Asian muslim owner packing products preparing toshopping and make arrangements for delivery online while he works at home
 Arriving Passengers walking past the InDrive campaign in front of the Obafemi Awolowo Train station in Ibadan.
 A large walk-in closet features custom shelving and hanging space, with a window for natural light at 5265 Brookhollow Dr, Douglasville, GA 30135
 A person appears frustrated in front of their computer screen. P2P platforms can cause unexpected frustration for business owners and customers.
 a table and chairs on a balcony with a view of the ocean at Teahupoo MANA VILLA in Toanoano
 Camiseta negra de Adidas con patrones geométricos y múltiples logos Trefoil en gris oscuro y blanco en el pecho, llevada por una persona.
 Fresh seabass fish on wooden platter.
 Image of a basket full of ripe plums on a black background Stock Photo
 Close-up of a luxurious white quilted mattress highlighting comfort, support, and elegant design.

TASK DESCRIPTION |
An exact copy of all the records is the only acceptable answer.

TASK RESULT |
Asian muslim owner packing products preparing toshopping and make arrangements for delivery online while he works at home
 Arriving Passengers walking past the InDrive campaign in front of the Obafemi Awolowo Train station in Ibadan.
 A large walk-in closet features custom shelving and hanging space, with a window for natural light at 5265 Brookhollow Dr, Douglasville, GA 30135
 A person appears frustrated in front of their computer screen. P2P platforms can cause unexpected frustration for business owners and customers.
 a table and chairs on a balcony with a view of the ocean at Teahupoo MANA VILLA in Toanoano
 Camiseta negra de Adidas con patrones geométricos y múltiples logos Trefoil en gris oscuro y blanco en el pecho, llevada por una persona.
 Fresh seabass fish on wooden platter.
 Image of a basket full of ripe plums on a black background Stock Photo
 Close-up of a luxurious white quilted mattress highlighting comfort, support, and elegant design.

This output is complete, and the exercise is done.